The group announced the agreements during a news conference July 6 at the Ahiska Turkish American Community Center in Dayton.
The delegation’s mission was to forge relationships with the Turkish governmental offices, educational institutions and cultural organizations. The group included Stephen Foster, Wright State’s Associate Vice President for International Affairs.
Both Wright State and the University of Dayton signed the MOUs with Marmara University, a major public university; and AREL University, a private university. Both are in Istanbul.
“We hope we’ll see some Turkish students, both undergraduates and graduate students, for our programs,” said Foster. “We’re particularly interested in Turkey as a destination point for our students. We’re talking about a part of the world that greatly influenced the course of Western civilization. So we’re enthusiastic about the possibilities.”
Wright State has been building its relationship with Turkey. In recent months, the university has signed several similar agreements with universities in Turkey.
Foster said Turkish students are very interested in studying at U.S. universities.
“They have very good students,” he said. “They’ll bring their skills, their talents, their perspectives to our region.”

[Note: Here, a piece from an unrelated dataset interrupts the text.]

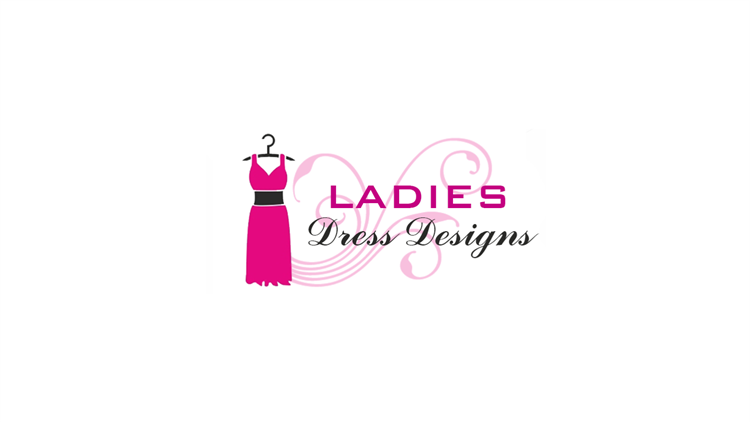 Ladies Dress Designs - PC - (Windows)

The delegation included Foster; Dayton Mayor Gary Leitzell; University of Dayton Provost Joseph Saliba; Anthony Whitmore, director of government and community relations at the Greater Dayton Regional Transit Authority; and others.

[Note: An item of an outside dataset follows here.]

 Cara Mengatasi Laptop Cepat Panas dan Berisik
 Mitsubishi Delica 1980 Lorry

During the week-long trip, members of the group met with the deputy prime minister of Turkey, the vice minister of foreign affairs, the governor of Bursa Province, the mayor of Ankara, chambers of commerce and directors of several universities. Their trip was featured on national Turkish television.
Turkey has a fast-growing economy, and the Ahiska Turkish population in Dayton has grown from about 150 families two-and-a-half years ago to about 400 today.
“It only makes sense to encourage business relationships with their mother country since we already have a work force that speaks the native language, making the transition for any Turkish business that much easier,” Leitzell said.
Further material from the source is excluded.